*** Begin section ***

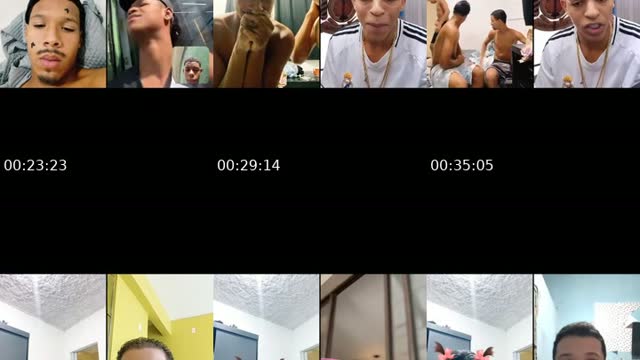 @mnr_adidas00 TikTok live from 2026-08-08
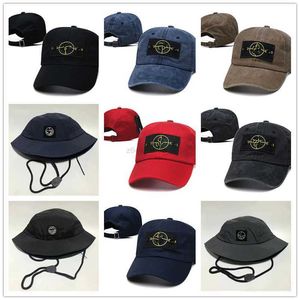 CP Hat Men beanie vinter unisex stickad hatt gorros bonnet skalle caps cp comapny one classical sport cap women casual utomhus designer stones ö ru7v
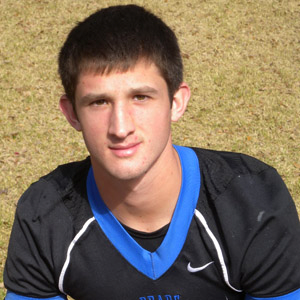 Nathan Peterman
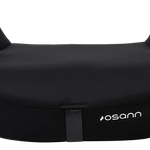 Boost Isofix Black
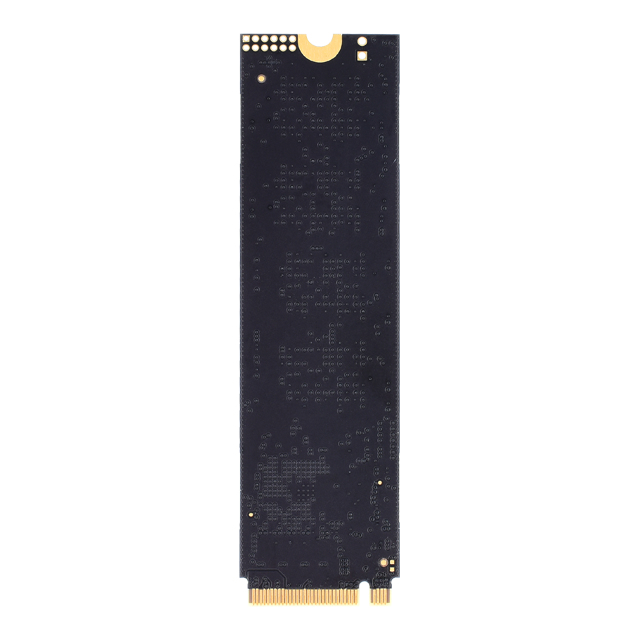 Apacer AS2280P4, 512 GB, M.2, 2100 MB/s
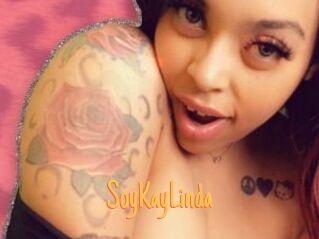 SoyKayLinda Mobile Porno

*** End section ***

● **What is being asked**
Give back the listing word for word, minus its images.

● **Response area**
 @mnr_adidas00 TikTok live from 2026-08-08
 CP Hat Men beanie vinter unisex stickad hatt gorros bonnet skalle caps cp comapny one classical sport cap women casual utomhus designer stones ö ru7v
 Nathan Peterman
 Boost Isofix Black
 Apacer AS2280P4, 512 GB, M.2, 2100 MB/s
 SoyKayLinda Mobile Porno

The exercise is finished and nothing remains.